The Plight of the Strong-Willed Women
I’d like to share with you the plight of the strong-willed women. I can’t speak for all women but I can speak for myself and the women close to me who are all amazing, beautiful females with something precious to give you IF you are open to it!
A while back, I was having a heart to heart with an ex-boss of mine. He said to me, ‘I worry about you girl, you’ll struggle to meet a man.’ Sadly, I knew what he was saying had a ring of truth to it. I asked him why he thought that, and he said, ‘You’re a ballsy little bastard, there’s not many who could handle you.’ I wasn’t surprised. I said, ‘Then I’m doomed eh!’ He said ‘No you’ll meet him, and whoever he is will be amazing, you’re a great girl you deserve the best’.
Men, listen up, here’s an insight: As a female it ain’t easy being this way. Born with purpose, drive and vision that we are compelled to pursue. On one hand, it is a highly rewarding and interesting life. We will accept from ourselves nothing but our best and expect that too from those around us. Yet it also can be disappointing, frustrating and thankless in many ways but something inside keeps driving us forward. We are judged and criticised by others around us, some even ‘pity’ us as we hit the crucial 30’s’ and don’t have partners or children, rubbing our shoulder in support with the words, ‘don’t worry, you’ll have it one day’ as if that was the only bench mark that defines a true woman! Family members asking us at every occasion ‘are you married yet’ and then giving us the sympathy look when we reply no. Friends who opted for marriage and kids ‘helpfully’ advise us ‘oh you’ll change your mind one day, don’t miss out’. Parents plead with us that we will not be fulfilled unless we take that route and worry that we’ll grow old and lonely.

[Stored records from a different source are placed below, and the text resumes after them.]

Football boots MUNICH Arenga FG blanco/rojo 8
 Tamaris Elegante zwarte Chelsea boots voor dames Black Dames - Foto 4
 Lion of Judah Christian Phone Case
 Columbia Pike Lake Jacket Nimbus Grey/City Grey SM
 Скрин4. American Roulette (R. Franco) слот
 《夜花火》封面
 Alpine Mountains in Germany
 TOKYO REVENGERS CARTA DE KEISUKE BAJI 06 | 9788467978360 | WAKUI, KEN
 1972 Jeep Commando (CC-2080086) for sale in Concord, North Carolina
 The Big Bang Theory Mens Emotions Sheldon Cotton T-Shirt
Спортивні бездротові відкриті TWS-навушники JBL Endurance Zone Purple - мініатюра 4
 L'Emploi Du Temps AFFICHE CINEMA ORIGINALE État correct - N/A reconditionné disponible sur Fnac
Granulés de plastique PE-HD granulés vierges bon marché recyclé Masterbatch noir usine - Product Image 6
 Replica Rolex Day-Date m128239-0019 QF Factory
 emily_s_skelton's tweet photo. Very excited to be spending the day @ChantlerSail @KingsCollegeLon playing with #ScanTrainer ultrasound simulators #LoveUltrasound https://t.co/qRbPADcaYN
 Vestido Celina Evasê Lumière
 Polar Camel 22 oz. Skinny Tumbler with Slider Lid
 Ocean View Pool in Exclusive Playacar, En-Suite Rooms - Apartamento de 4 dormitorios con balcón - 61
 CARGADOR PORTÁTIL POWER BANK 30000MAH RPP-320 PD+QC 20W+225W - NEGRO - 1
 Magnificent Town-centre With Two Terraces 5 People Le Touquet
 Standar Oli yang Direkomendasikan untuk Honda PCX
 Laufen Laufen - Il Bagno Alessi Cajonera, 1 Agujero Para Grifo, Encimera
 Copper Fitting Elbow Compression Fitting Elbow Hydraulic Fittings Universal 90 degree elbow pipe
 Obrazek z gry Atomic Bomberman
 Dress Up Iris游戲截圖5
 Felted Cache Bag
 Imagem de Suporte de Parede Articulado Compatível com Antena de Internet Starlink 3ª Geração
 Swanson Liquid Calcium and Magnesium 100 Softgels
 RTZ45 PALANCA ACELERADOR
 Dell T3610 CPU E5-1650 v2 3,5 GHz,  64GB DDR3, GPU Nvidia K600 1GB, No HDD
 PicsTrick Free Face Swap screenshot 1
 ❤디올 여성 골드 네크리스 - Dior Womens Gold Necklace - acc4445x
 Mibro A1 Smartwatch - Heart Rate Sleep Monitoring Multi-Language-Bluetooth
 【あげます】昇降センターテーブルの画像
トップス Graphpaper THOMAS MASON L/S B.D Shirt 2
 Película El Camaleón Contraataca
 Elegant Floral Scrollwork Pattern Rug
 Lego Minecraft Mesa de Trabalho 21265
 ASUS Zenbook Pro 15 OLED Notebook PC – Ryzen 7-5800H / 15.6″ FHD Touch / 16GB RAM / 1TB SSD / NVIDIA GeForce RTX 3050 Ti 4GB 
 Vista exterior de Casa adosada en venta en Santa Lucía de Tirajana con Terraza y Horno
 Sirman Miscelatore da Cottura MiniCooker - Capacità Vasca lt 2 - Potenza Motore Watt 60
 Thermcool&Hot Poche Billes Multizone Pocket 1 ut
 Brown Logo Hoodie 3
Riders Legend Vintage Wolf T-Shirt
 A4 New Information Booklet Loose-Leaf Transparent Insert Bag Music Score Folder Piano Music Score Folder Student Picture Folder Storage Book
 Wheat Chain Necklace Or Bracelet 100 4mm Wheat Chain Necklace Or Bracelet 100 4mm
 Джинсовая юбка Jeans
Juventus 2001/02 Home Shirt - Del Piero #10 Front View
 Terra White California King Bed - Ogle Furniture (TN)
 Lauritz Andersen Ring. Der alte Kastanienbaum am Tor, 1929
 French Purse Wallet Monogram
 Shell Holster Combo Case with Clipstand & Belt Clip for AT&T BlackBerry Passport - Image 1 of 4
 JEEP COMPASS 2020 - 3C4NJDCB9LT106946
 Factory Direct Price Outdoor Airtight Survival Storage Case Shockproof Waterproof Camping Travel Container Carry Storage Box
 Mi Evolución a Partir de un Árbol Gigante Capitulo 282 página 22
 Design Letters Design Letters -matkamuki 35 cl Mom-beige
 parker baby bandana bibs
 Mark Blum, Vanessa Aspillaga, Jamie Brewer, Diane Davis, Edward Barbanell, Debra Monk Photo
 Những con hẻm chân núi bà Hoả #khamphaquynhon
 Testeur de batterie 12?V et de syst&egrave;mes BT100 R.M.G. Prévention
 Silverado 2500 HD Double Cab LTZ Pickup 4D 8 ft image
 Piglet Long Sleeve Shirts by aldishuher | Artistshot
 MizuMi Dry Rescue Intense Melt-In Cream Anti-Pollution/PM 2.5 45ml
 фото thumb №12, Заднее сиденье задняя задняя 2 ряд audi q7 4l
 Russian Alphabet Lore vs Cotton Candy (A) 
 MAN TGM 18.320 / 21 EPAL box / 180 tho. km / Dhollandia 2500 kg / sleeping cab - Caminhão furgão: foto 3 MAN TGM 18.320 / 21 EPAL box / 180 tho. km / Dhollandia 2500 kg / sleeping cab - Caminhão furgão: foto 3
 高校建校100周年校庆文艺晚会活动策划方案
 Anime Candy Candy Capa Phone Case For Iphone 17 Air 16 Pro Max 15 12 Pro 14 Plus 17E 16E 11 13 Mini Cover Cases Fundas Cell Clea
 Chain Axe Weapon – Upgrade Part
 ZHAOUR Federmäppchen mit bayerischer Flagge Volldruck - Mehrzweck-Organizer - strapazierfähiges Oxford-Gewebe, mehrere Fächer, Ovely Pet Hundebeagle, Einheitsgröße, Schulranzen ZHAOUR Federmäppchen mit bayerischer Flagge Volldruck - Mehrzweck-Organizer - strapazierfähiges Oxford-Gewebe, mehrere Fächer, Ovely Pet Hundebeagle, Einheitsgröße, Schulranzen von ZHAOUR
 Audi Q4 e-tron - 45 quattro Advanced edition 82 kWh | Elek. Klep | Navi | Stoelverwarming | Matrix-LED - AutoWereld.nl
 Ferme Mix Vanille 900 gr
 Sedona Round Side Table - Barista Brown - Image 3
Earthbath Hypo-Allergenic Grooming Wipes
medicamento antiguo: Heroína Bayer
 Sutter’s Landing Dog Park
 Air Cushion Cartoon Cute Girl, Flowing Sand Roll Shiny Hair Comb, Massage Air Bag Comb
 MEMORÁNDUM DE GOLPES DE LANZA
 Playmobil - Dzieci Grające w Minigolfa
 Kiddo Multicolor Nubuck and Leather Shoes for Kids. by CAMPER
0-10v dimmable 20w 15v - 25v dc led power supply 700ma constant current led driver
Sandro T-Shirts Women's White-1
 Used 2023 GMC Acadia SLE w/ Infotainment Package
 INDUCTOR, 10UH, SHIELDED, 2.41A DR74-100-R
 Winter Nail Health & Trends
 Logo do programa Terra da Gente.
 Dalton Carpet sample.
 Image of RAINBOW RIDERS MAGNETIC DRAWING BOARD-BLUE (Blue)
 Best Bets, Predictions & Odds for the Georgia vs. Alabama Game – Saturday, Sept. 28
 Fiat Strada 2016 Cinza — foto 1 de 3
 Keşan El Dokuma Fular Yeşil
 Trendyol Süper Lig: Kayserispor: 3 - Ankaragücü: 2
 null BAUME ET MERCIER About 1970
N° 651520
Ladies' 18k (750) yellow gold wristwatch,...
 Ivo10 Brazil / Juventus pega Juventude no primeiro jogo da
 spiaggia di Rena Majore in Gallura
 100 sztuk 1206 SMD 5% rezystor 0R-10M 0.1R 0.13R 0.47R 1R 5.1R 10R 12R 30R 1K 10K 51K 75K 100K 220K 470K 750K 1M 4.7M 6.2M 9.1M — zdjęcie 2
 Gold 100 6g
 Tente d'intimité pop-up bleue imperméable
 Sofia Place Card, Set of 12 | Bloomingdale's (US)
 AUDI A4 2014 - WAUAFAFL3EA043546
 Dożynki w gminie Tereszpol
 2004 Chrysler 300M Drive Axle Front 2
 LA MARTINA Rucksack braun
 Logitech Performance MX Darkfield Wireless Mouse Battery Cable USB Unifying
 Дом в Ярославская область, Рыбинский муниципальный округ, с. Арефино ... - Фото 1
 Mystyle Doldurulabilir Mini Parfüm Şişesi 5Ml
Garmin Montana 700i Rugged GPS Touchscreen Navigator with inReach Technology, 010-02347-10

We are the weird ones. The outcasts. The ones who don’t quite ‘fit’ in the society we were born in to.
And now I am going to let you in to a little secret. Men, believe it or not, us strong smart women just want you than to hold our hand, tell us everything is going to be alright and look after us from time to time. We’re not strong all the time, sometimes we want to fall in to your manly arms and stay there. We don’t need you to talk or deal with our problems – your arms alone are equally (if not more) capable of playing the role that the ear or advice of a female friend does in soothing our souls. We have to hold it together all day every day, when we step in to your company, we want to be soft females.
A bonus for you is that we don’t want you to change your life for us because we have our own one. You are a further enhancement of greatness in to our world. The independent successful women I know, are not trying to compete with men, they are just doing something they love and being extremely good at it. That shouldn’t intimidate you, we want you to be proud of us. We like you to be a ‘manly man’. We want to respect and look up to our man. We want you to do the man part of the relationship. You don’t need to be over sensitive. We like your position as the hunter-gatherer “to protect”. Hell, we even want you to keep us in check from time to time. (We need someone to do it. Right?!)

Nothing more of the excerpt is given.